I just got back from Petsmart and did a water change on my tank. I picked up two more plants and Seachem Flourish, since my Wisteria and Corkscrews look like they're dying. The plants I got are Moneywort and Mondo grass. I only got one of each. Planting them both was nearly impossible! The Mondo grass's roots are HUGE and really tough. I couldn't get it to sit right, so I had to bury it with about a quarter of the tank's gravel. Geez. I'm happy with it though. I can't wait until the plants start growing more and make others.

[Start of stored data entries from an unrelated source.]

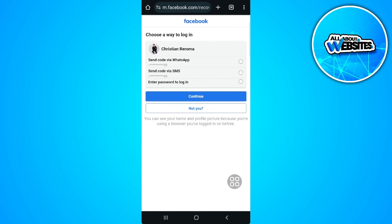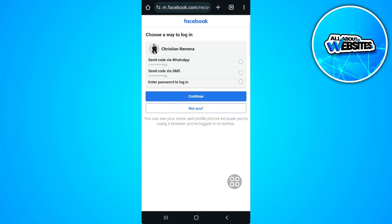So after that, just tap on 'start' and follow these steps. You will be required to set a new login email and confirm the code from that new email, and you will now be able to recover your Facebook account. So that's it. If you find this video helpful, please hit like and subscribe. Thanks.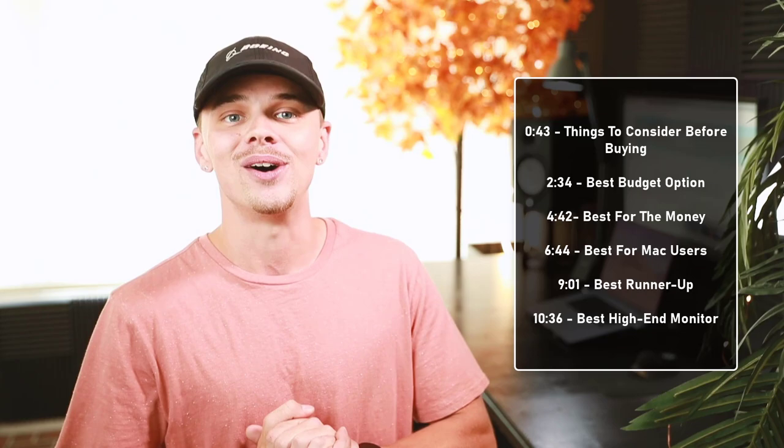We've ranked these products based on their price, quality, durability, performance, and more. If you'd like to see their price and find out more information, you can check out the links in the description down below. To make it easier, we will include timestamps in the description as well. Let's get started.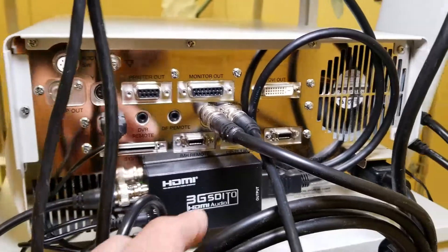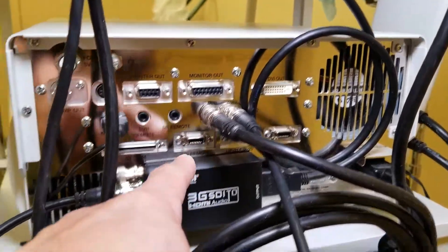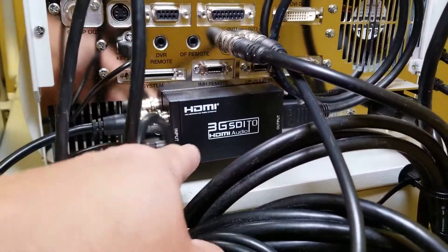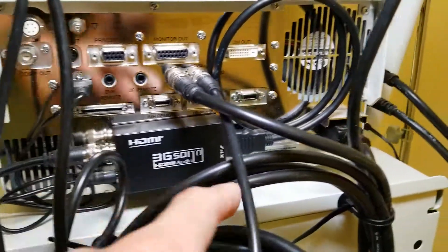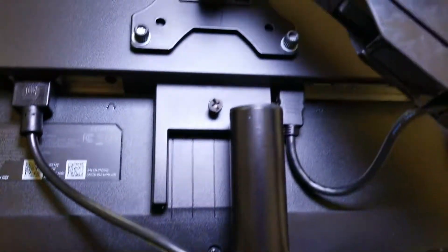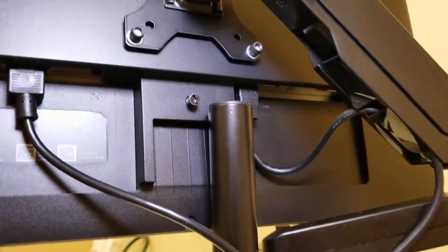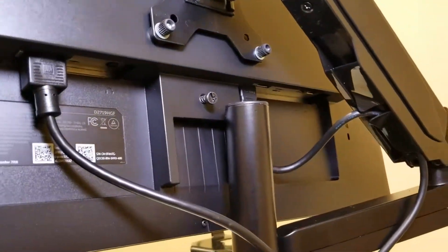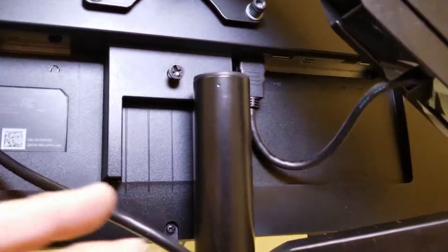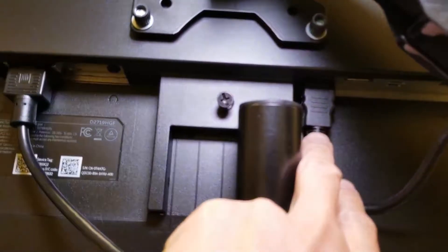The signal goes from the processor to the converter out to HDMI and up to this monitor. It is a lot easier to find video monitors that have HDMI inputs, and this one goes right there.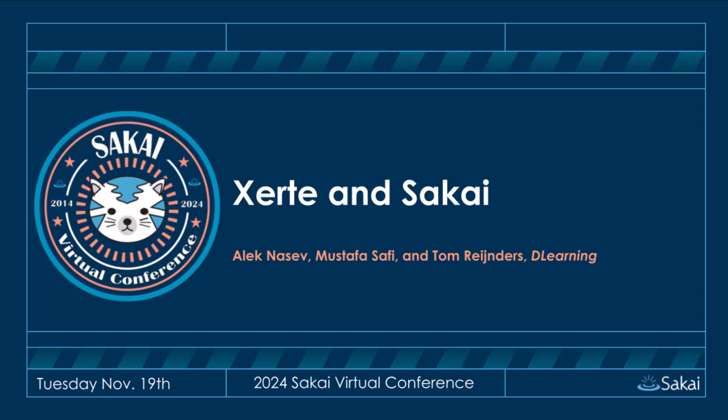Okay, welcome back. Our next session is Xerte and Sakai, or Sakai and Xerte, as it might be listed in the program. We have a group of presenters from D-Learning.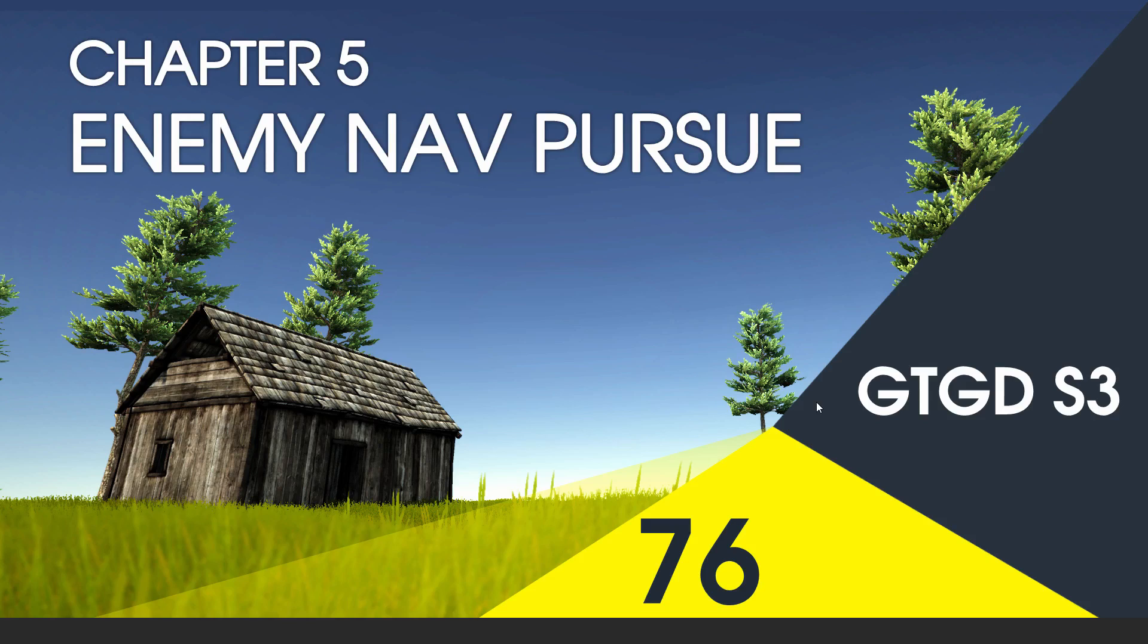Welcome to video 76 in series 3, and in this video I'm going to write the Enemy Nav Pursue script.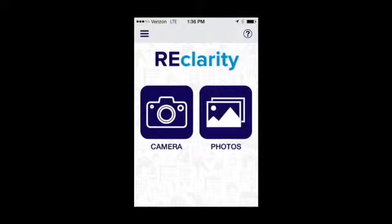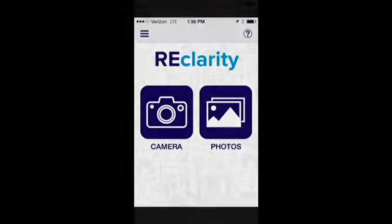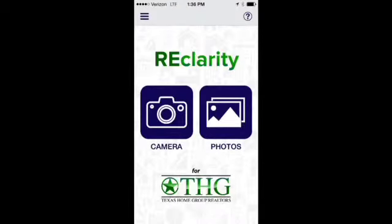Second, we changed the app home screen. Here's the standard Reclarity app home screen, and here's the app home screen we implemented for THG. You can clearly see the difference.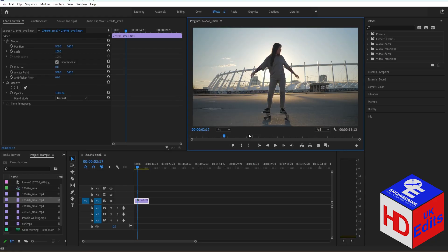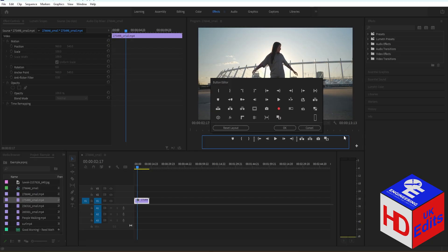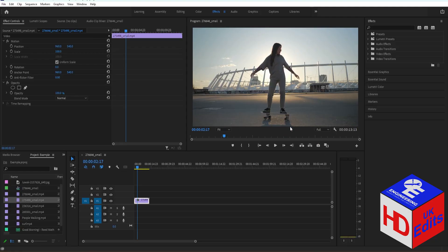Now if you can't find this button, you can just go here, press the plus button, and you'll be able to see the different kinds of buttons. You'll see here the Export Frame, so just drag that here and then press OK and it will just stay there.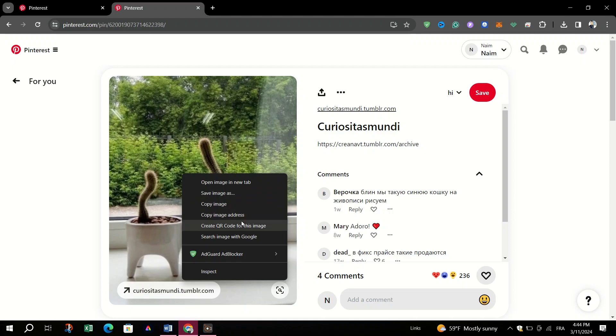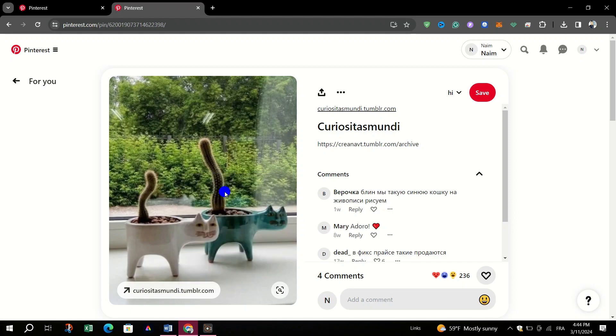In the context menu, select the option labeled as Save image as or similar wording.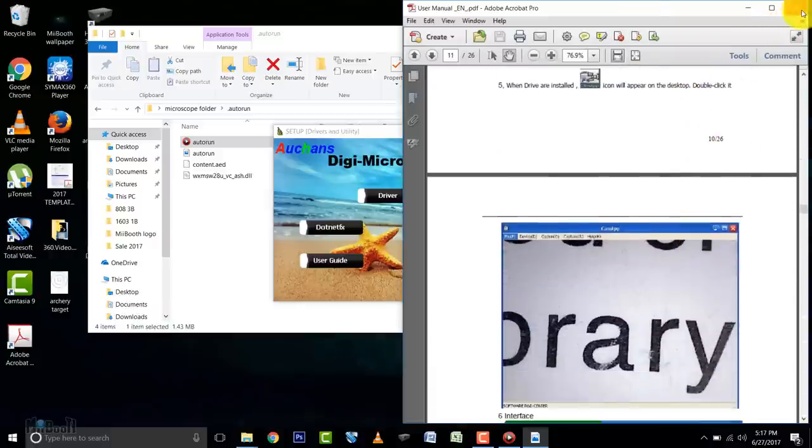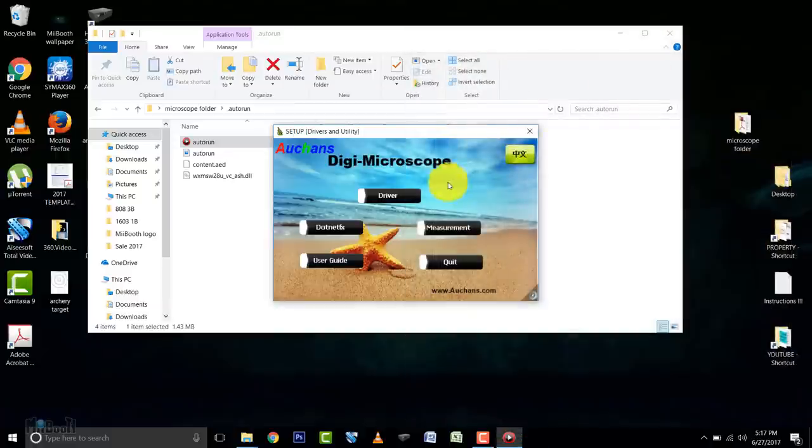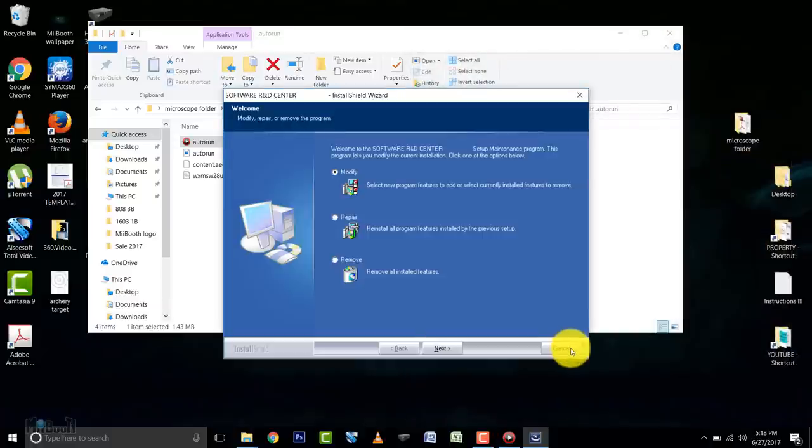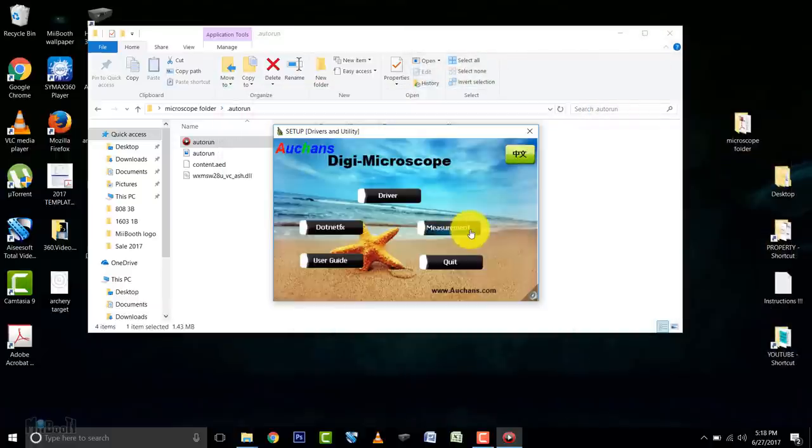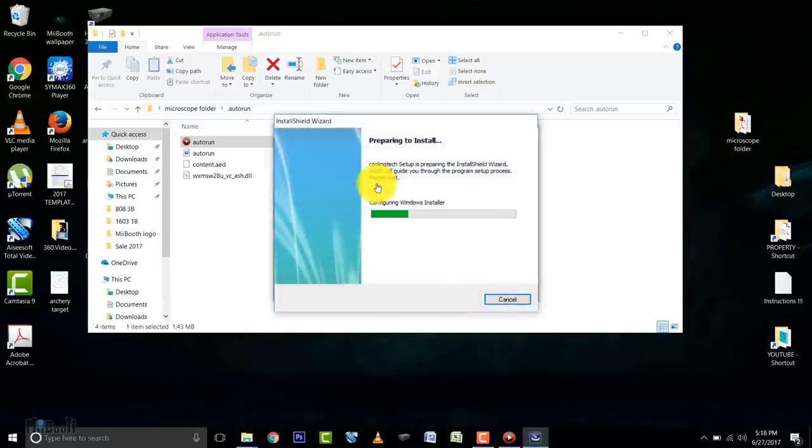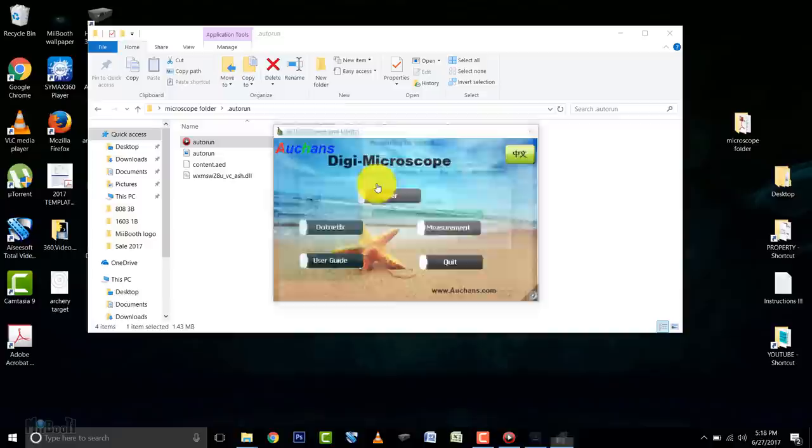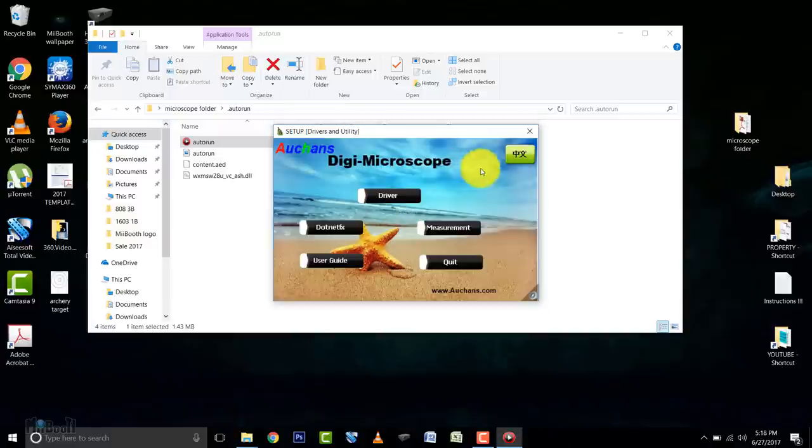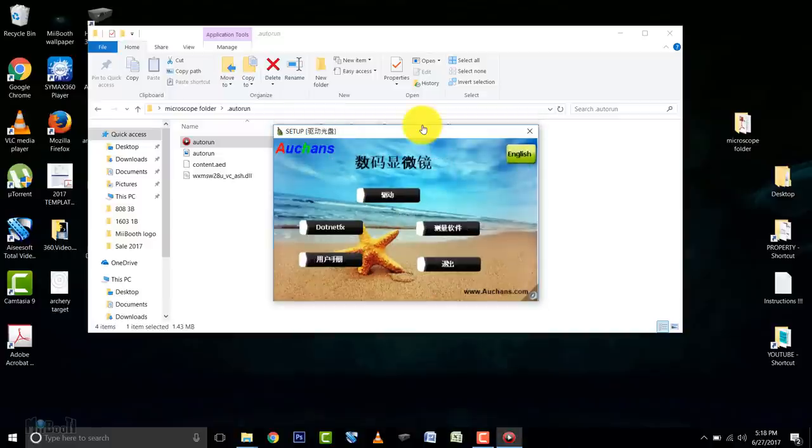Now we need to install the driver, so I'll click on it. Next, next, and it's done. I've already done it, so I'm not going to do it again. Next I'll click on this button which says measurement. This will install a second app which we can calibrate to measure stuff. This menu is also available in Chinese, by the way.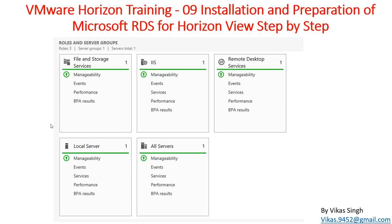Hi friends, welcome to my channel. This is VMware Horizon View training and this is the 9th video in this series. In this video we are going to see the installation and preparation of Microsoft RDS server for Horizon View — specifically, how you can prepare your Microsoft Remote Desktop Services server to host the Horizon View setup, get applications published, and allow users to access those applications.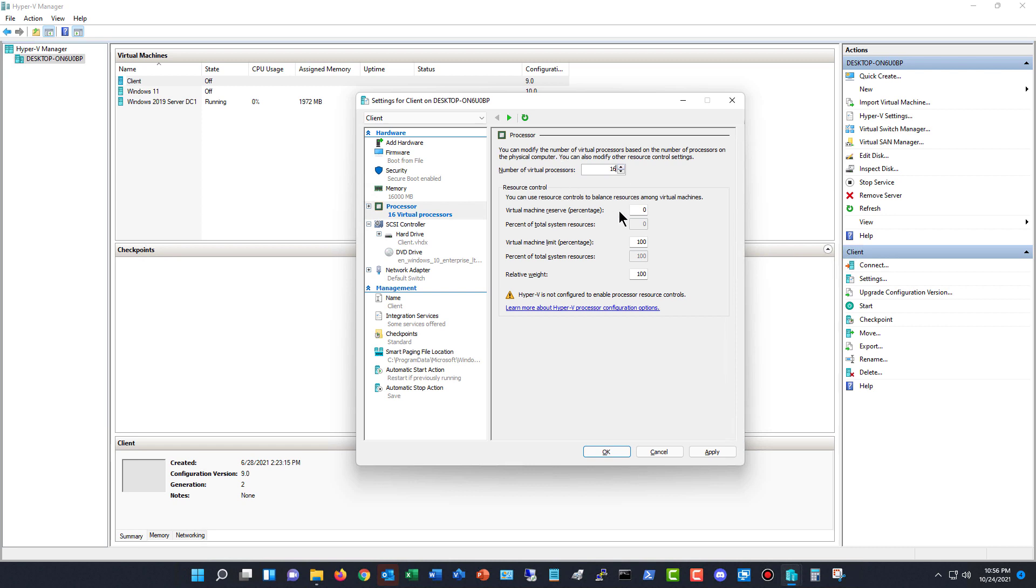And what's going to happen is it's not always using all 16 processors. It's probably only using two or four, maybe six. And so you're never going to be worrying about having the processors being all used up so the other virtual machines can't use them.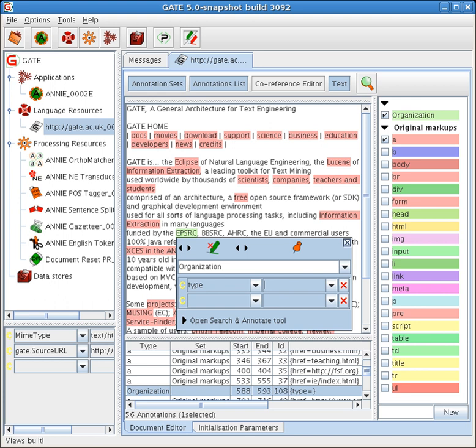GATE Community and Research has been involved in several European research projects including TAO, SEKT, NEON, Media Campaign, Musing, Service Finder, LIRICS and KnowledgeWeb, as well as many other projects.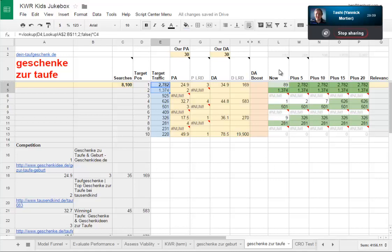So our advice is: if we go for 'geschenk zu taufe' then we have a shot at position one or two if we can get the domain authority and page authority up higher. These aren't measures used by Google - they are an approximation from Moz, who also crawl the web for links. Obviously no one has the resources that Google has, but basically if Open Site Explorer doesn't know about your page, then pretty much no one's linking to it and you can assume it's got no authority.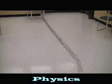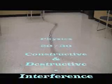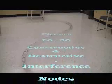Hey everybody. Here's a short demonstration on slinkies and waves. What I'm going to do here is first set up a standing wave on this slinky using a low frequency. When we use a low frequency, we get a long wavelength.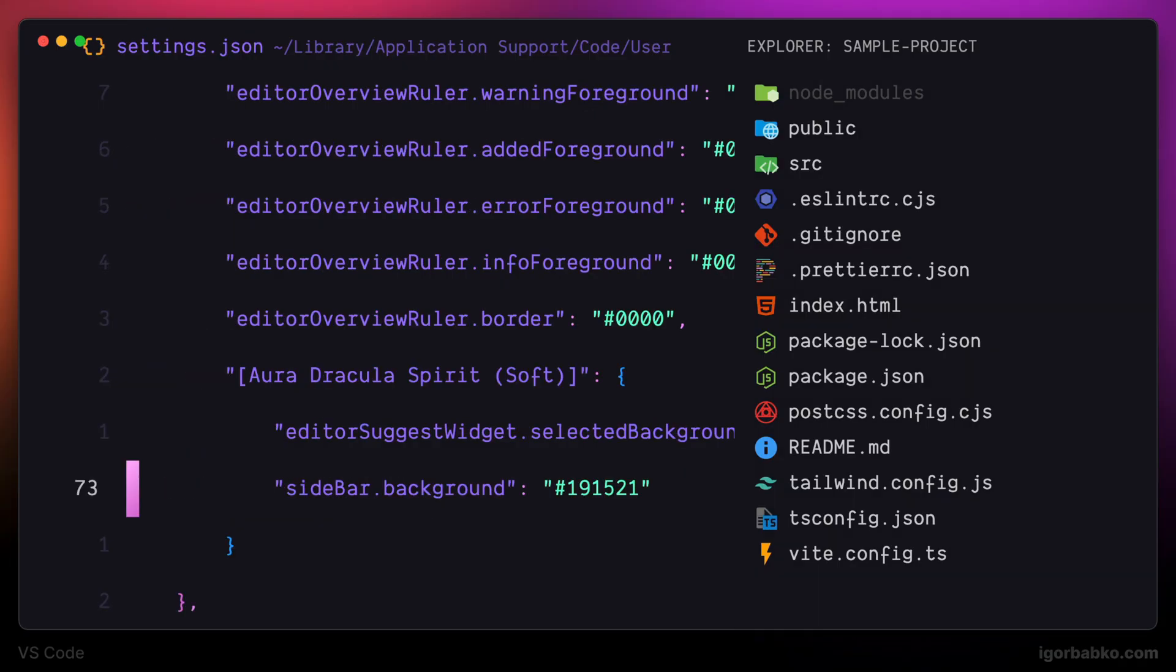And after saving the changes, the sidebar color will be the same as the rest of the interface. Please note that I have added this entry into the nested object that is assigned to the key that corresponds to the current theme name. That means this sidebar color will only be active when the theme with name Aura Dracula Spirit is active.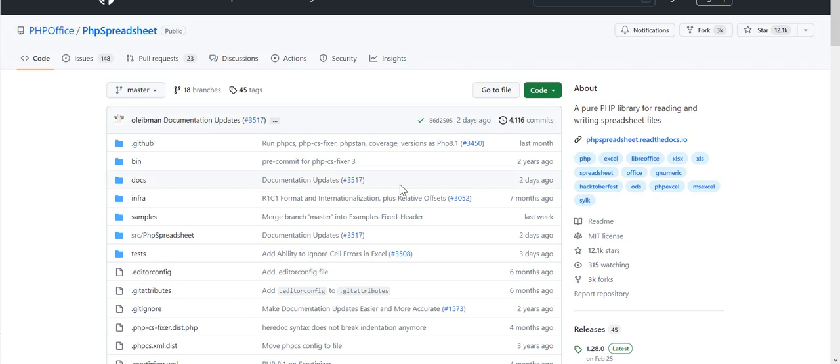Hello everybody! Today we create a functionality to import an Excel file from our site.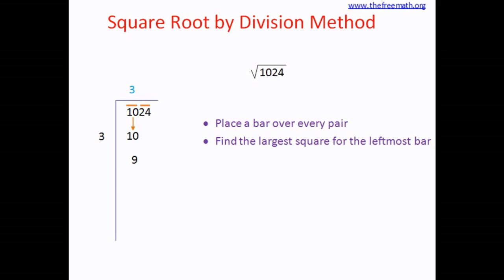So the divisor 3 is written on the left hand side, and the answer 3 is written on top. You say 3 threes are 9, and you subtract 9 from 10. So the remainder is 1.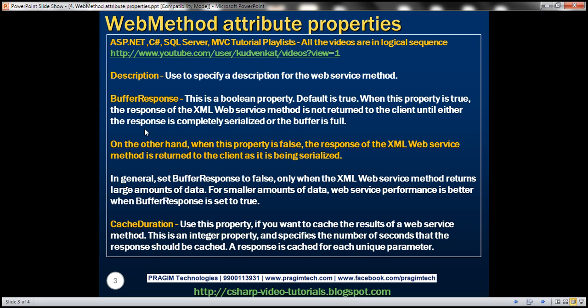When we set this property to false, the response of the XML web service method is returned to the client as it is still being serialized. In general, set buffer response to false only when the XML web service method returns large amounts of data, so the client doesn't have to wait for the entire serialization to complete. For smaller amounts of data, performance is better when buffer response is set to true.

Question though. The Wisteria stems are held together with some kind of... thing. Could I possibly take it off and spread the stems out individually? Or do they have to stay together? The Moneywort is the same way. If it's possible to spread them out, I might do so for my next water change.


----------



## Jexx (Feb 2, 2013)

you tank is lovely! but I understand mondo grass is not truly an aquatic plant


----------



## bettacrazygirl86 (Jan 21, 2013)

Thanks! I have loads of gravel holding the mondo grass down. I managed to cover the roots almost completely. Patriot seems to like it. 

The Wisteria and Moneywort - can I separate the stems? They're held together with some sort of wrap thing around it. It looks like metal, but it isn't. I can't tell what it is, but it can come off. I just don't know if it's safe to separate them. I want to put a few Wisteria stems and Moneywort stems in each half, rather than just one whole set in each side.


----------